▶ Exercise
Go to the line with "Produktbild: The Edinburgh Mystery" in the records below, then output it and each following line exactly, up to and including the line with "投稿写真：高尾登山ケーブル". Skip pictures and add nothing.

▶ Data for this exercise
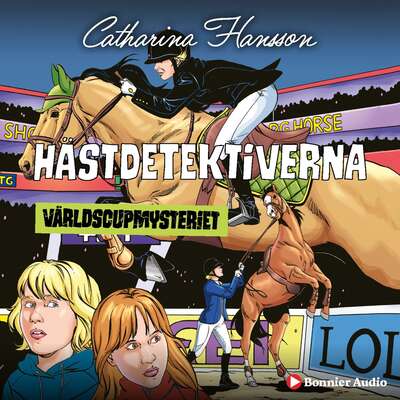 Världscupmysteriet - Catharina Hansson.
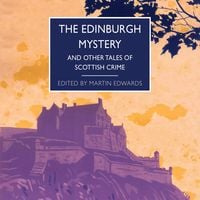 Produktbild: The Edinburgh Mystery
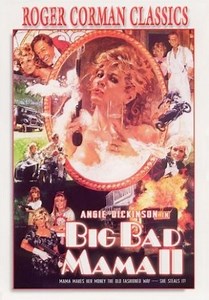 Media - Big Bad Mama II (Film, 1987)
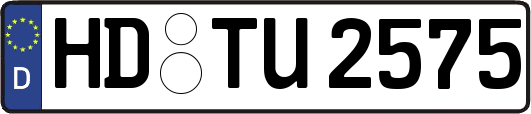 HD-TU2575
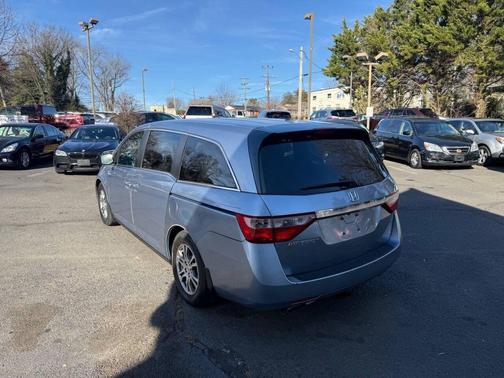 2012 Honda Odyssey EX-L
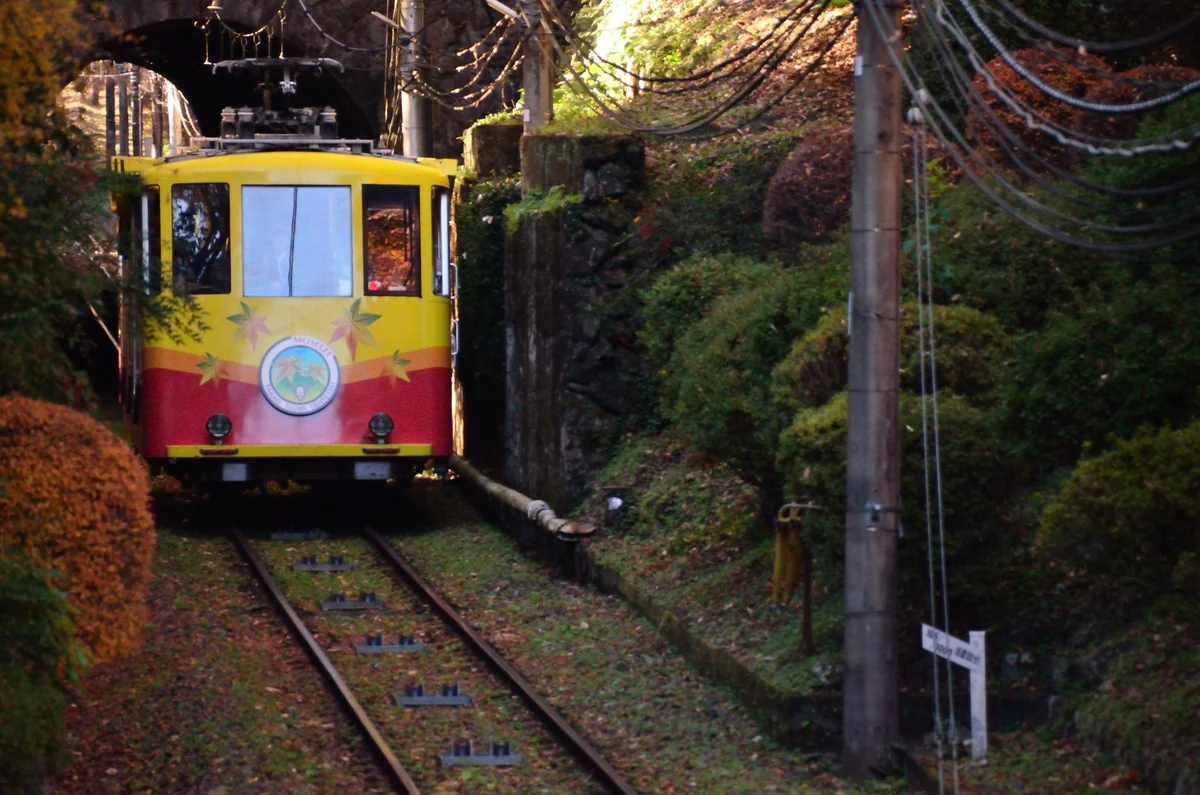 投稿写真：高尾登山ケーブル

--

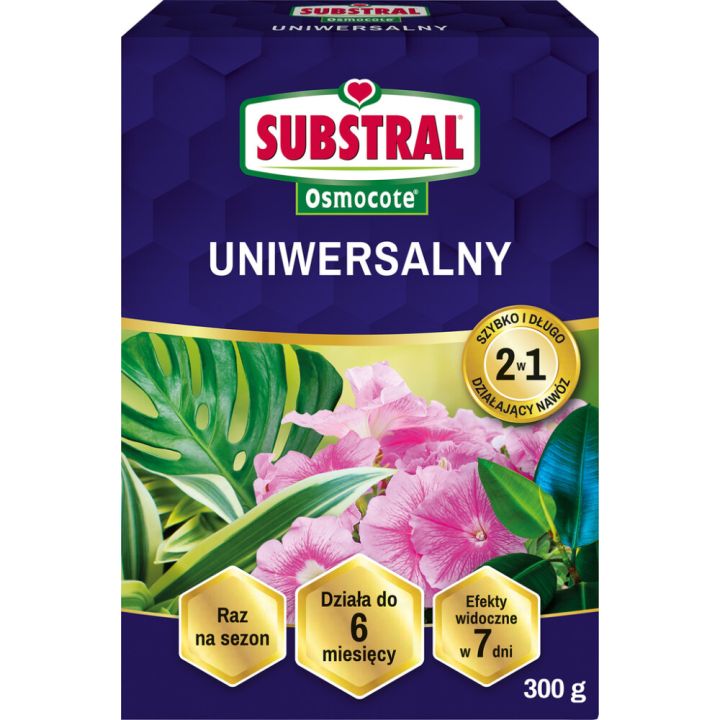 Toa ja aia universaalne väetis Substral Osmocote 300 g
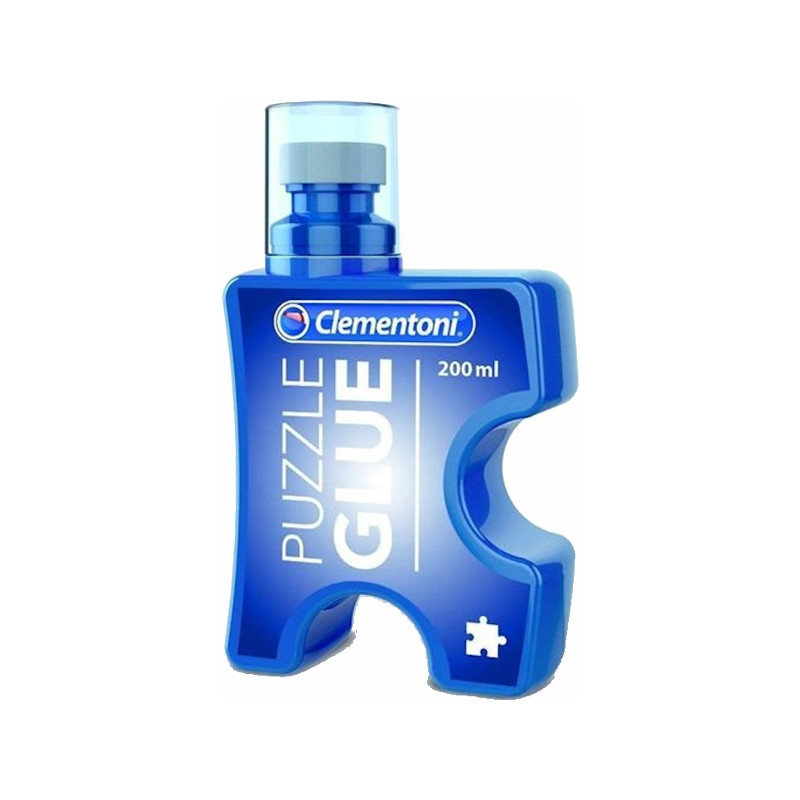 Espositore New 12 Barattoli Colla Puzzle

* * *

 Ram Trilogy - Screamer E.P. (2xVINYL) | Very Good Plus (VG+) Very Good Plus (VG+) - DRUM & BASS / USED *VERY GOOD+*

▶ Reply to the task
 Produktbild: The Edinburgh Mystery
 Media - Big Bad Mama II (Film, 1987)
 HD-TU2575
 2012 Honda Odyssey EX-L
 投稿写真：高尾登山ケーブル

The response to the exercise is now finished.